Stig Mårtensson
- Country (sports): Sweden
- Born: 8 April 1913 Stockholm, Sweden
- Died: 17 November 1995 (aged 82) Åkersberga, Stockholm, Sweden
- Turned pro: 1937(amateur tour)
- Retired: 1948
- Plays: Right–handed

Singles
- Career titles: 1

Grand Slam singles results
- Wimbledon: 1R (1937)

Doubles

Grand Slam doubles results
- Wimbledon: 1R (1937)

= Stig Mårtensson (tennis) =

Swedish tennis player (1913–1995)

Stig Mårtensson (8 April 1913 – 17 November 1995) was a Swedish tennis player.

==Tennis career==
Mårtensson represented Sweden in one Davis Cup tie, the 1937 Europe Zone quarterfinal tie against Belgium played at the Royal Léopold Club in Brussels. Mårtensson and Kalle Schröder played the singles rubbers, with Mårtensson losing his first match against Charles Naeyaert and thereafter also his second match against André Lacroix.

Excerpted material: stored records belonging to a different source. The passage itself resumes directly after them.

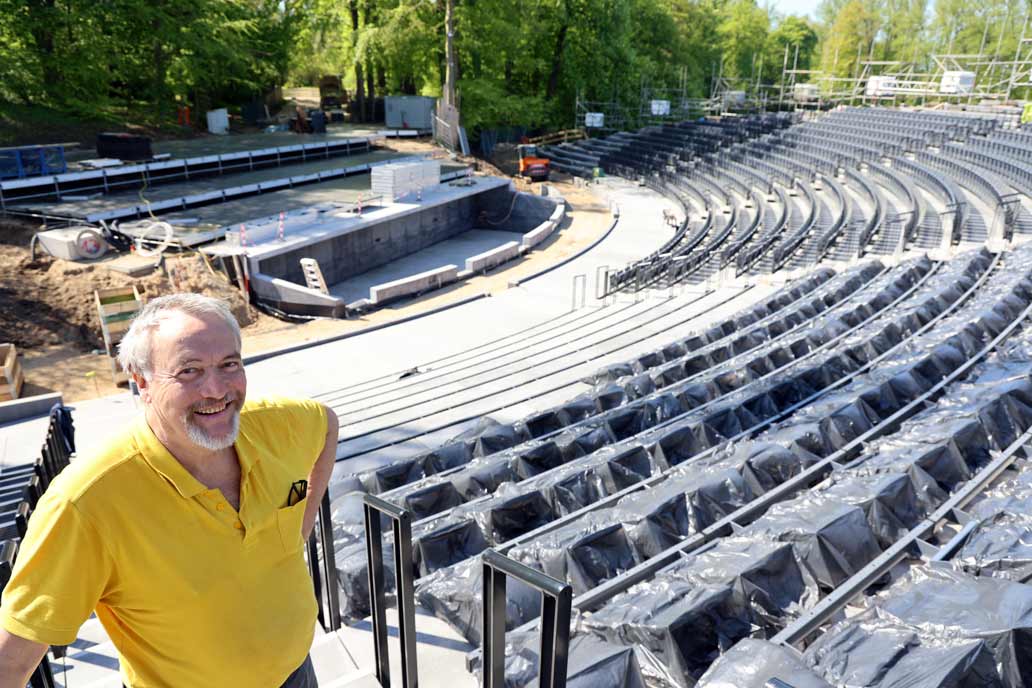 Ein Mann in gelbem T-Shirt lacht links unten im Bild in die Kamera. Rechts im Bild die Baustelle der Eutiner Festspiele.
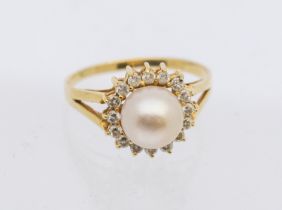 A pearl and diamond set 14ct gold cluster ring, comprising a cultured pearl to the centre within a
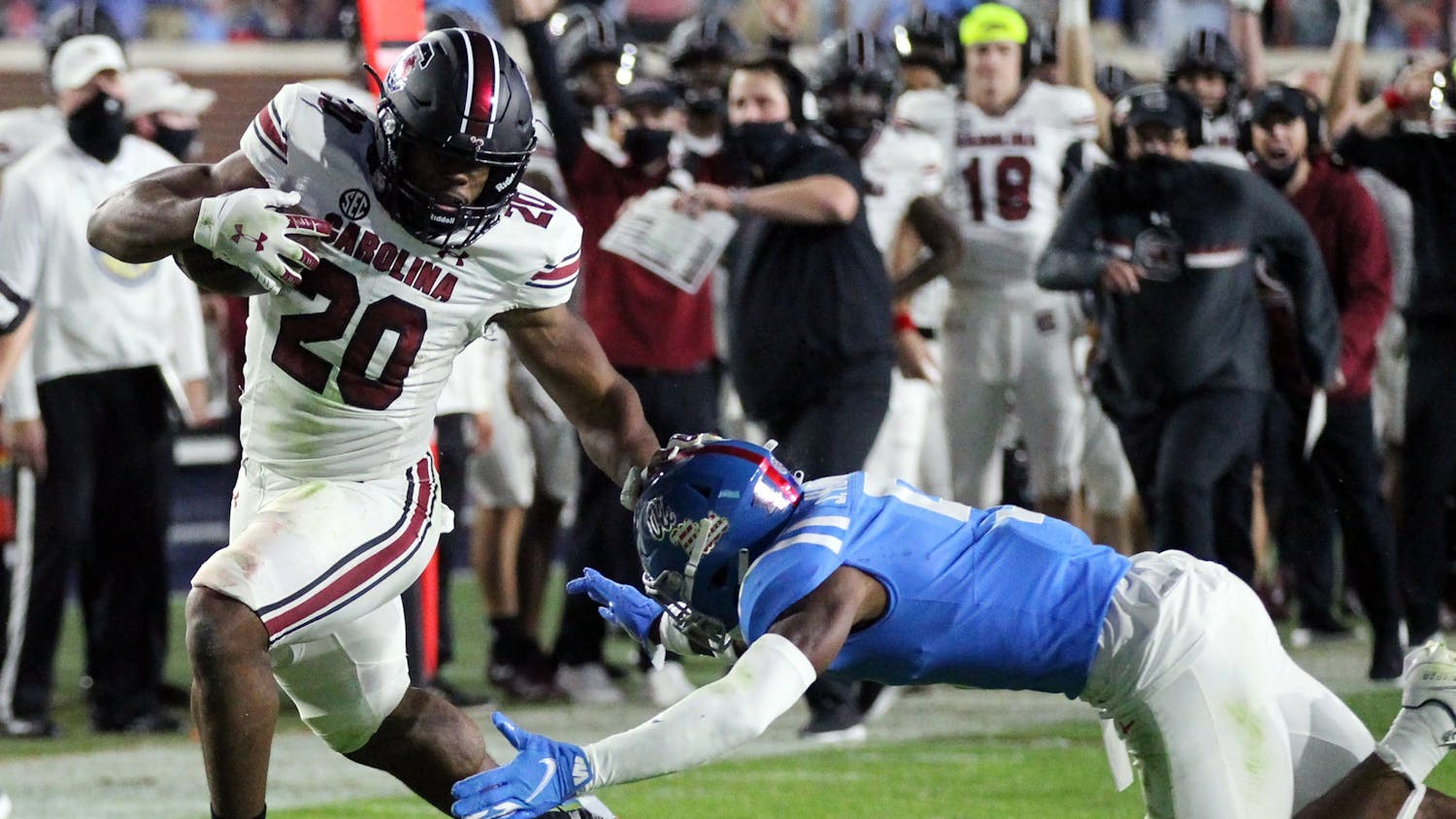 Sophomore running back Kevin Harris avoids being tackled while carrying the ball during the game against the Ole Miss Rebels Saturday. The Gamecocks lost 59-42 and their record fell to 2-5.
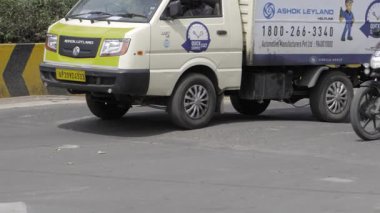 A side view of a white truck driving on a paved road and men driving on moto bikes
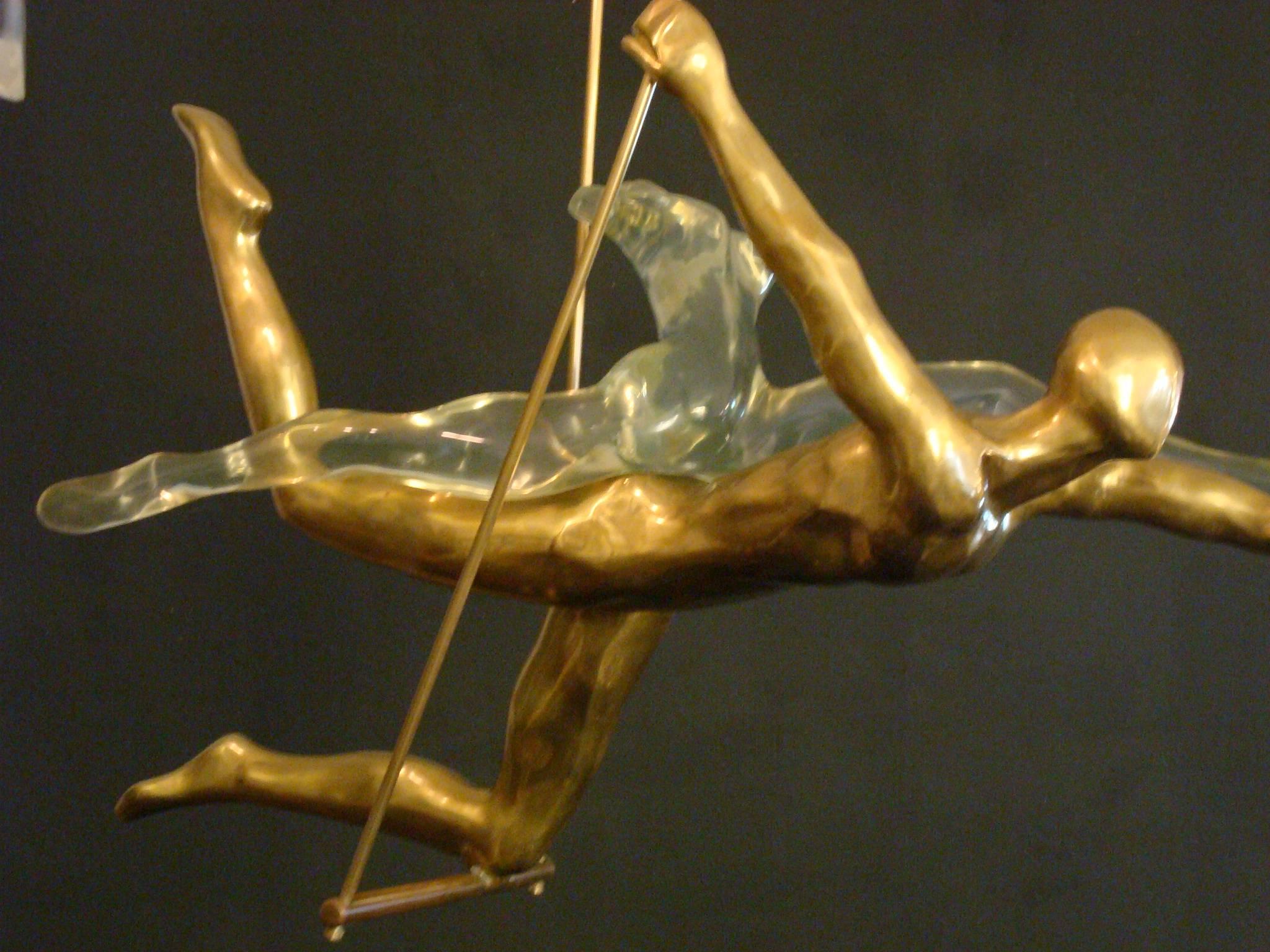 Sexy Couple on a trapeze. Made of Bronze and acrylic. Nude figures hanging from the ceiling.
        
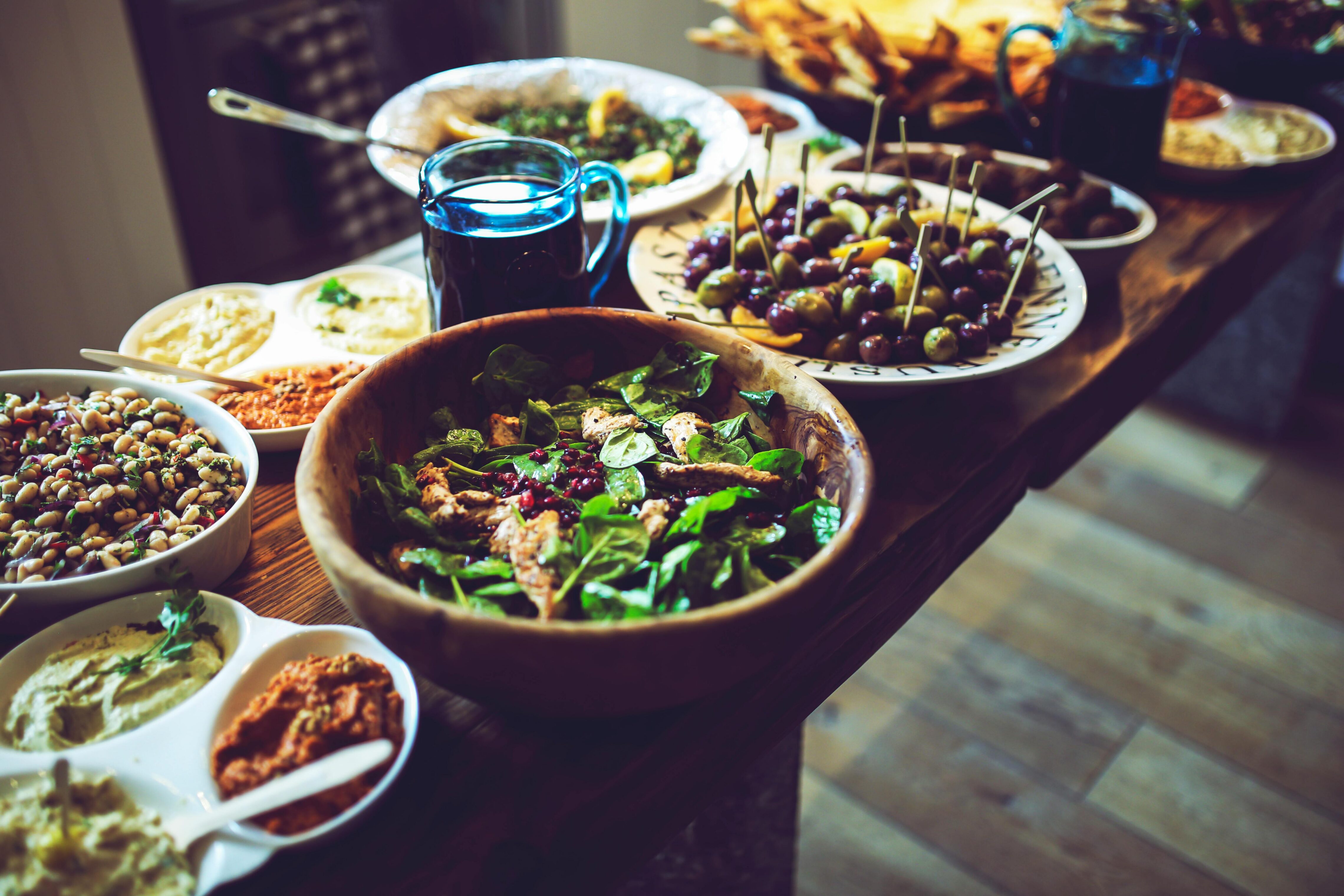 A spread of diverse, healthy foods on a table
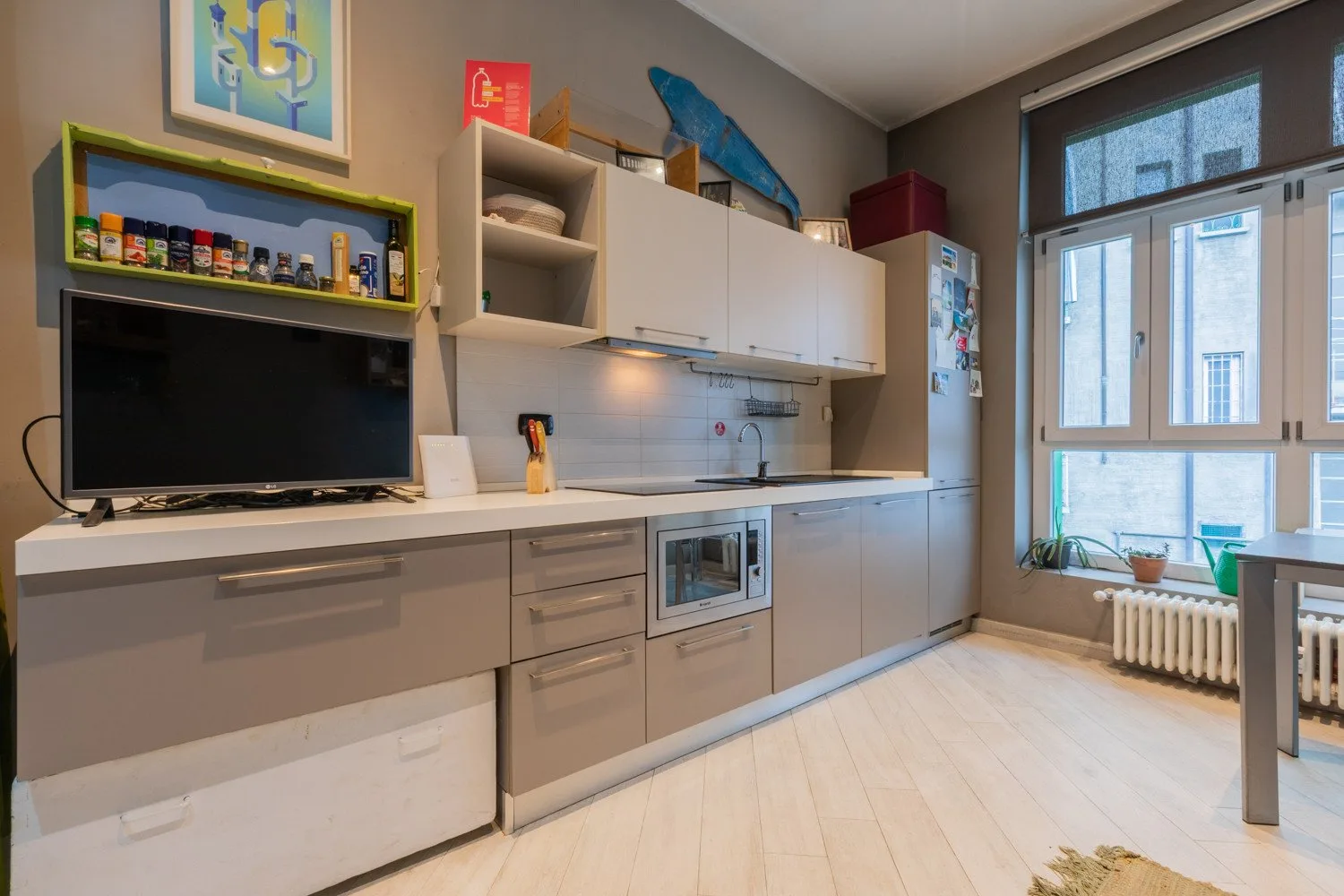 A compact kitchen with built-in cabinets, a countertop television, and large windows.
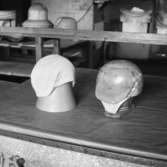 Lindbergs Strå- och Filth. Hattillverkning. 213/67 Mössform för hatt utan brätten, av trä med tryckstycke av aluminium. Den färdiga hatten till vänster sitter på ett hattstöd av papp.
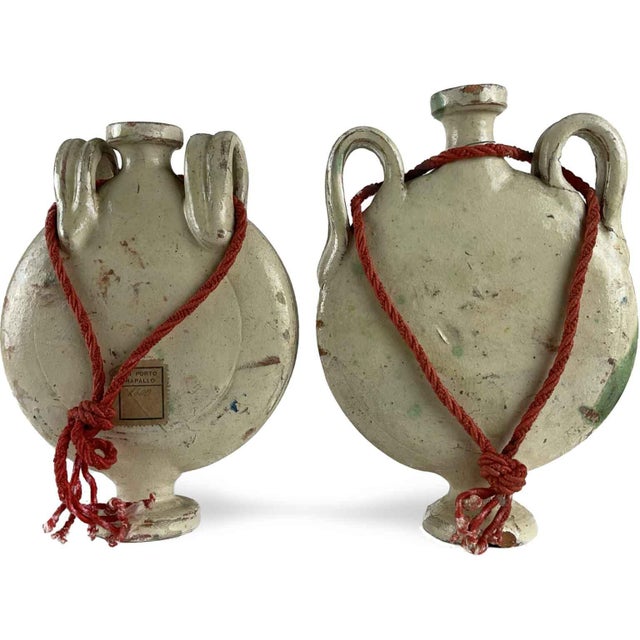 A pair of late 19th-century ceramic wayfarer's flasks, lenticular in shape, with a white background and abstract...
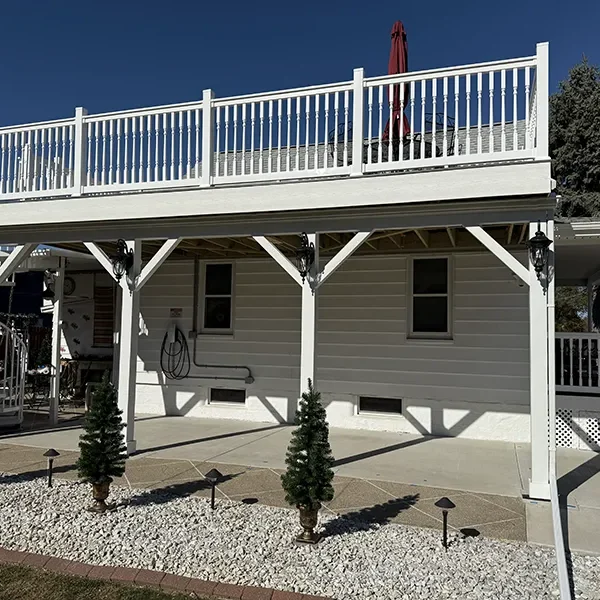 White elevated deck with a ground-level patio and decorative small evergreen trees.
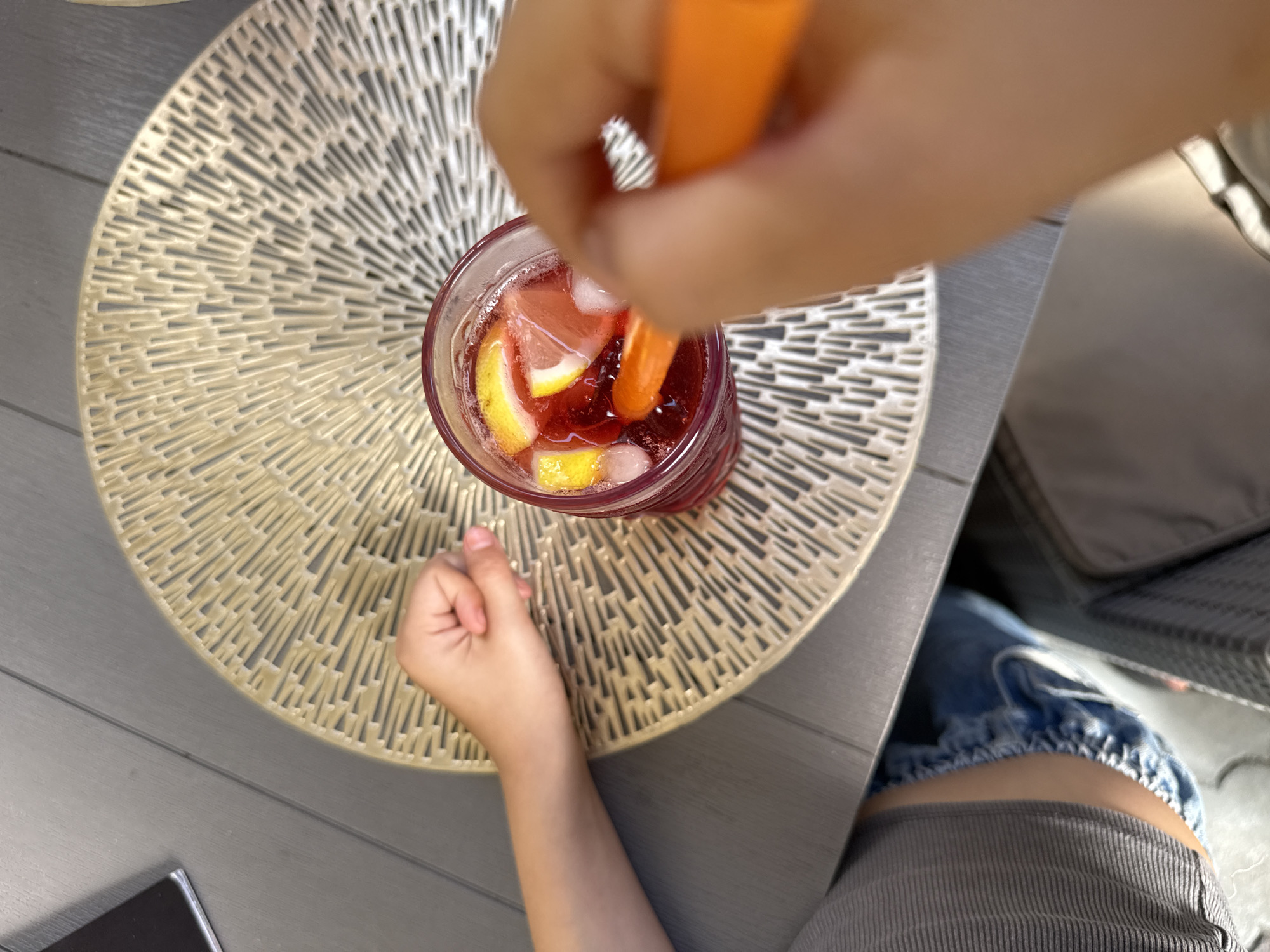 An overhead, close-up shot shows a child's left hand resting on a woven placemat next to a glass of red liquid with ice, lemon slices, and possibly berries. The child's right hand is visible in the foreground, holding an orange utensil and stirring the drink. The scene appears to be outdoors on a patio table. The table surface is gray, and a portion of the child's torso, wearing a grey and blue striped shirt and denim shorts, is visible at the bottom left. The background is blurred.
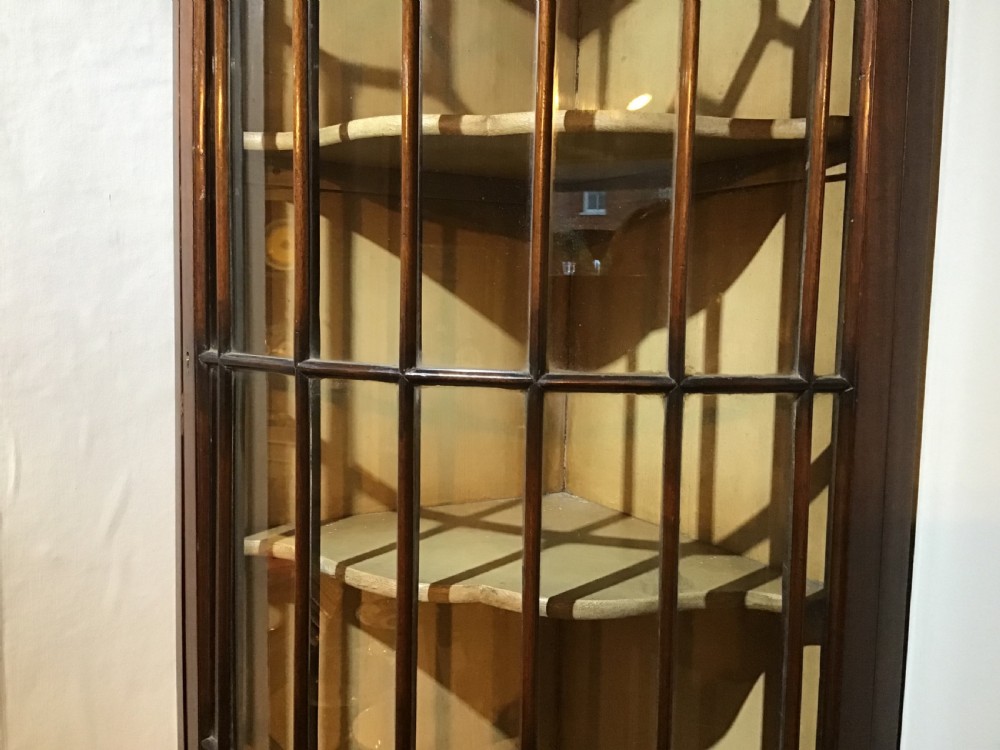 An antique Georgian bow-front mahogany corner cabinet featuring geometric astragal glazed glass doors and a carved frieze along the top cornice. View IV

Mårtensson played at the 1937 Wimbledon Championships, losing in the first round of both the singles and doubles events. In 1943 he won the singles title at the Swedish National Outdoor championships and in 1948 he won the singles title at the tournament in Bude, beating David Warwick, 4–6, 6–2, 6–4 in the final.